Problem requirements -> Take the line with "Women's Warm Fuzzy" and every line after it in the entries below, and set them down exactly, without any pictures.

Web page caption snippets:
-------

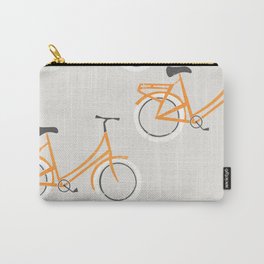 Bicycles Carry-All Pouch | Cycling, Bicycles, Europe, Orange, Omafiets, Vector, Bike, Ride, Transport, Cyclist 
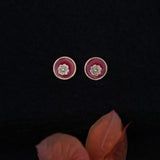 Gulaal Floral studs - Quirksmith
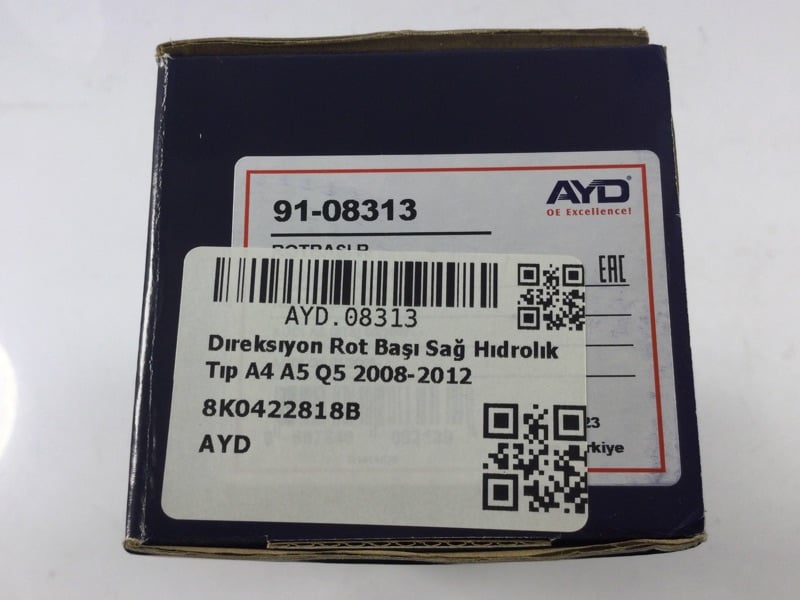 AYD 91 08313 Rot Başı 8K0422818B uygun fiyat hızlı kargo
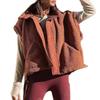 Women's Warm Fuzzy Lamb Wool Sleeveless Vest Outerwear Casual Fashion Vest For Ladies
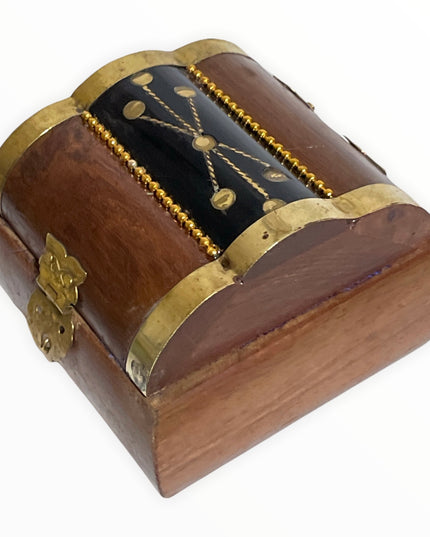 Cufar lemn Palisandru 8cm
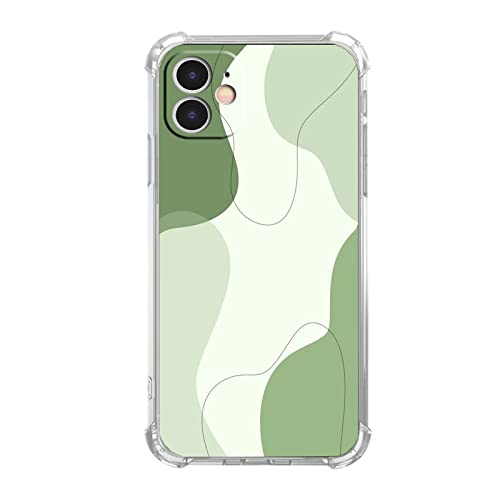 Vesidurt Sage Green Line Schutzhülle für iPhone 11, abstraktes minimalistisches Kunstmuster für Männer und Frauen, einzigartige weiche TPU-Schutzhülle, kompatibel mit iPhone 11 von Vesidurt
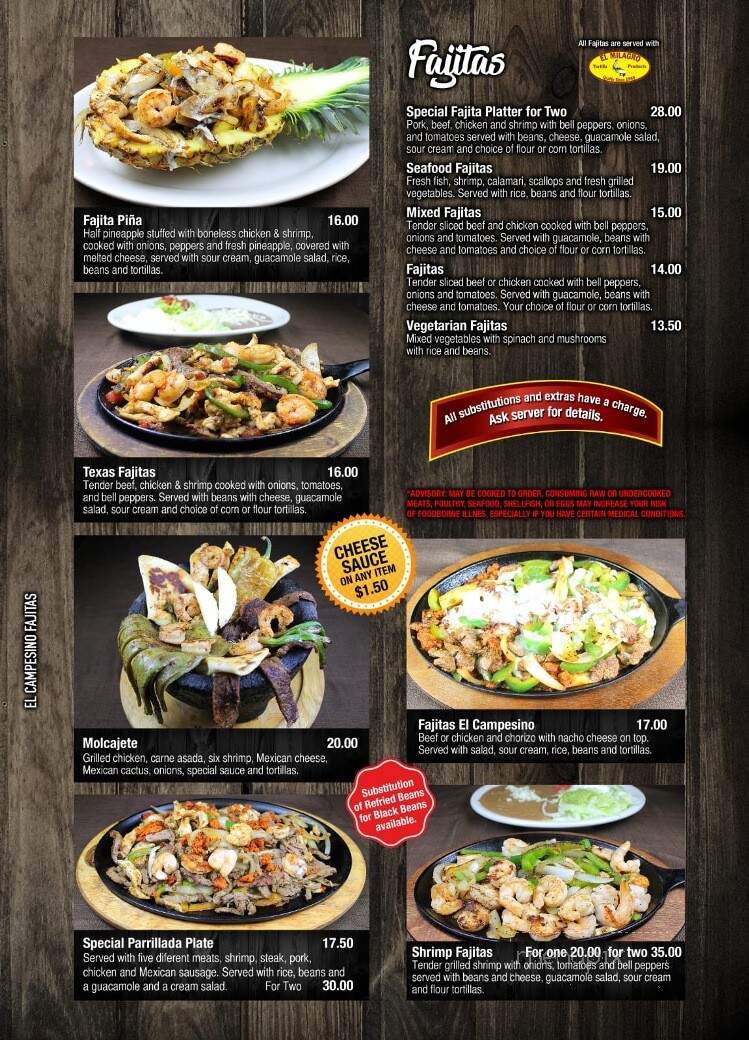 El Campesino Mexican Restaurant - Cleveland, GA menu_pic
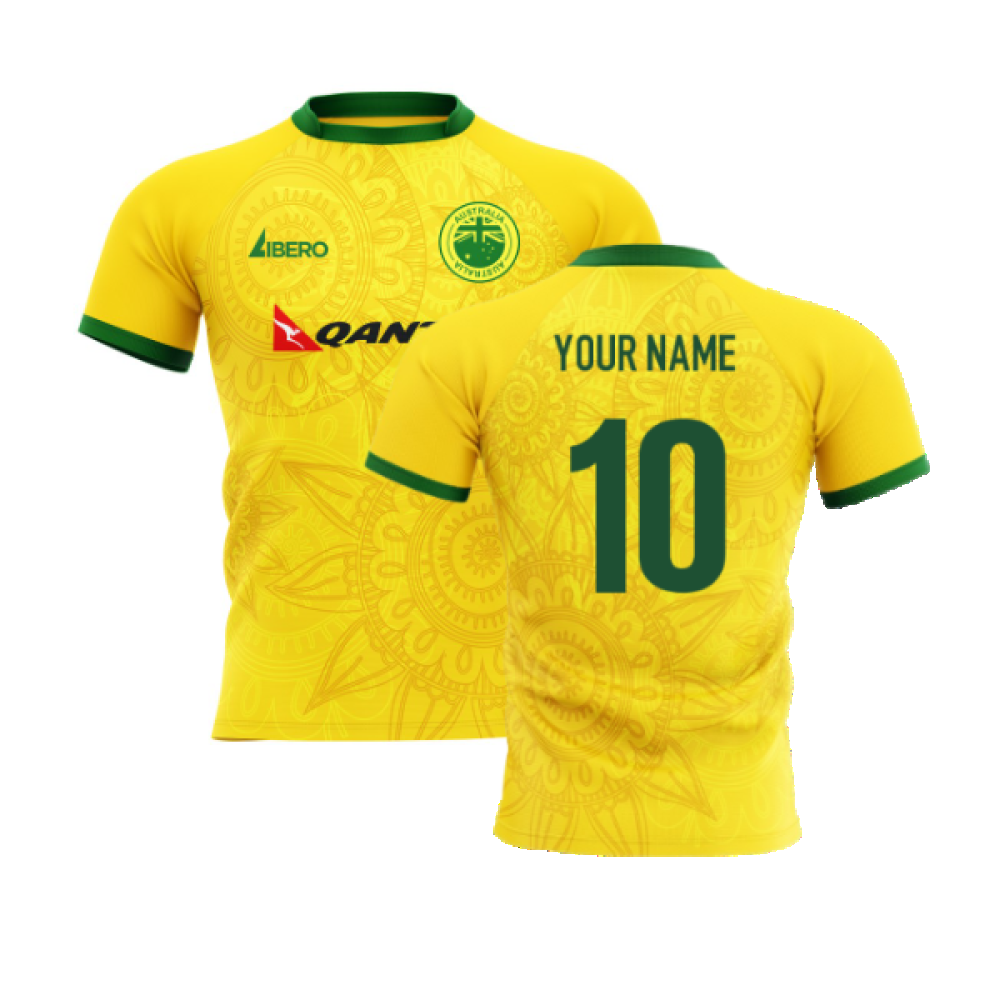 2024-2025 Wallabies Australia Home Rugby Shirt Adult Long Sleeves (Your Name) Product - Hero Shirts Airo Sportswear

-------

Answer to the exercise ->
 Women's Warm Fuzzy Lamb Wool Sleeveless Vest Outerwear Casual Fashion Vest For Ladies
 Cufar lemn Palisandru 8cm
 Vesidurt Sage Green Line Schutzhülle für iPhone 11, abstraktes minimalistisches Kunstmuster für Männer und Frauen, einzigartige weiche TPU-Schutzhülle, kompatibel mit iPhone 11 von Vesidurt
 El Campesino Mexican Restaurant - Cleveland, GA menu_pic
 2024-2025 Wallabies Australia Home Rugby Shirt Adult Long Sleeves (Your Name) Product - Hero Shirts Airo Sportswear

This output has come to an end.